Natural resources do not create human wealth. If they did, Japan, Singapore, and Hong Kong would be poor while Nigeria and North Korea would be rich. Alberta’s oil and gas are not intrinsically more valuable than Quebec’s hydro power or Ontario’s proximity to major American markets. Wealth grows from institutions and public policies that foster its creation. Below are the Ten Commandments of the “Alberta Model.” They were not revealed on tablets of stone but worked out by trial and error under sixty years of enlightened conservative government, in which Ernest Manning, Peter Lougheed, and Ralph Klein were the main figures.
1. Avoidance of public debt and investment of fiscal surpluses to help pay for the needs of government.
2. Low taxes. No provincial sales tax and the lowest personal and corporate taxes in Canada.
3. Private-sector development of natural resources. The provincial Crown owns most of the oil and gas, but exploration, production, refining, transportation, and marketing are done entirely by private enterprise. Thank God we never created a “PetroAlberta” to run our major industry.

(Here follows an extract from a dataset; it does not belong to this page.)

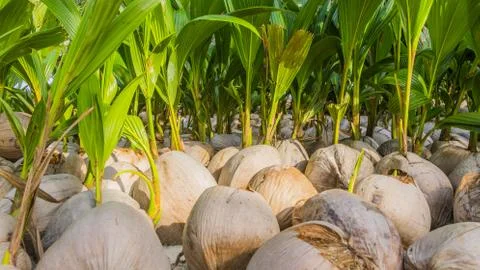 Coconuts on the ground, growing new Palmtrees Stock Photos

4. No monopolistic Crown corporations in other areas. Treasury Branches have to compete with other financial institutions. Power generation, automobile insurance, and liquor marketing are dominated by tax-paying, profit-making private enterprise, not bloated, debt-ridden public corporations. We flirted with public ownership in the Lougheed years (Pacific Western Airlines) but got over that failed romance.
5. No subsidies to business (apart from farmers — no one’s perfectly consistent). Again, we wasted a lot of money on corporate welfare in the Lougheed-Getty years but learned from the experience.
6. The best education results in Canada, aided by frequent testing of both student and school performance as well as by a more or less level playing field for Catholic, other religious, and secular private schools to compete with public education.
7. Reliance on market prices. No rent controls, underpriced hydro, or ridiculously cheap daycare, which subsidizes two-income families at the expense of one-income families.